2.1.2 – Fontes: Código Civil
A funcionalização da propriedade e das relações contratuais – bases da atividade econômica no capitalismo – não poderia deixar de provocar profundas mudanças no ordenamento juridico das relações privadas.
As linhas-mestras do novo Codigo Civil – dessa “constituição do homem comum”, nas palavras de Miguel Reale – são os principios da eticidade, da operabilidade e da socialidade, os quais revelam uma evolução no sentido da valorização dos interesses coletivos em substituição do caráter marcadamente individualista do Codigo de 1916, que respondia aos anseios de uma sociedade agrícola.
Com efeito, em artigos-chave para a correta percepção da nova ordem jurídica das relações privadas, evidencia-se a teleologia de resguardar o bem comum, a ética e a simplificação do direito.
Nessa moldura, há, em primeiro lugar, uma explicitação do conteúdo ético do direito por meio dos conceitos da boa-fé objetiva e da função social dos institutos jurídicos.
Nos limites do nosso texto, interessa-nos principalmente o principio da socialidade que permeia as relações privadas por força dos conceitos do abuso de direito (arts. 187 e 1.228, par. 2º, CC), da função social da propriedade (art. 1228, par. 1º, CC) e do contrato (art. 421,CC).
O Codigo Civil de 2002, ao estatuir que o contrato e a propriedade não são direitos absolutos, mas sim apenas reconhecidos como direito subjetivo ou exercício legítimo da autonomia privada enquanto conciliados com os seus fins econômicos ou sociais, alinha-se ao texto constitucional, revelando, portanto, uma preocupacão de reafirmar a teleologia do bem comum, resguardando a sociedade de interpretações redutoras da ordem constitucional, indicando a fragilização da dicotomia entre direito público-privado.
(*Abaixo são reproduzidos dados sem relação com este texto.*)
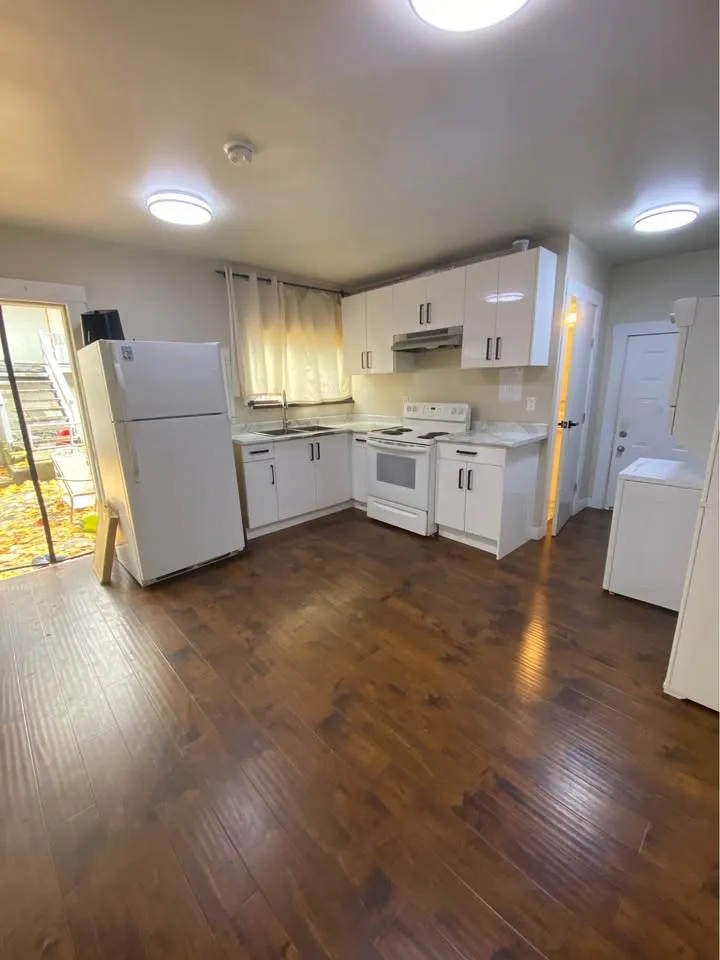 3 Beds 2 Baths - House image indicator(10)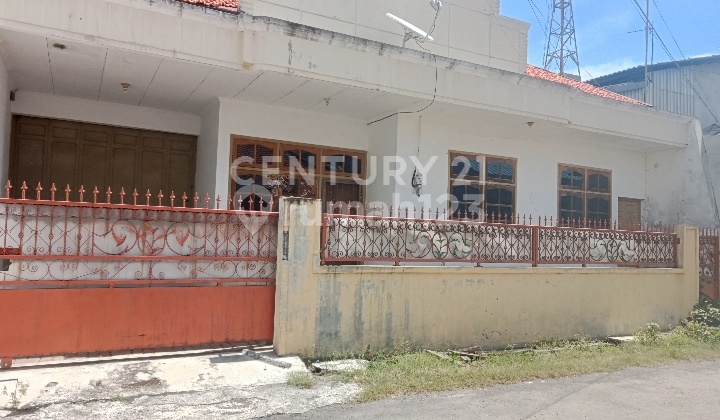 Three Bedroom House with Car Access in Tegal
No plano da legitimidade da propriedade e do contrato foram inseridos valores socioambientais (art. 1228, par. 1º, CPC). Desse modo, por exemplo, a esfera de legitimidos a discutir a adequação da propriedade e do contrato às condicionantes jurídicas ampliam-se consideravelmente. Tanto a propriedade como o contrato, antes blindados pelo conceito de vontade individual e protegidos pelos conceitos nucleares da exclusividade de exercício (propriedade) e da relatividade dos efeitos(contrato), tornaram-se vulneráveis ao juízo de compatibilidade com as condicionantes indeterminadas impostas pelo ordenamento. Assim, por exemplo, a publicidade (um contrato) abusiva ou enganosa pode ser impugnada por terceiros (CDC); da mesma forma, uma propriedade ou contrato que viole as regras de concorrência ou normas ambientais não é mais um problema de poucos, mas de toda a sociedade.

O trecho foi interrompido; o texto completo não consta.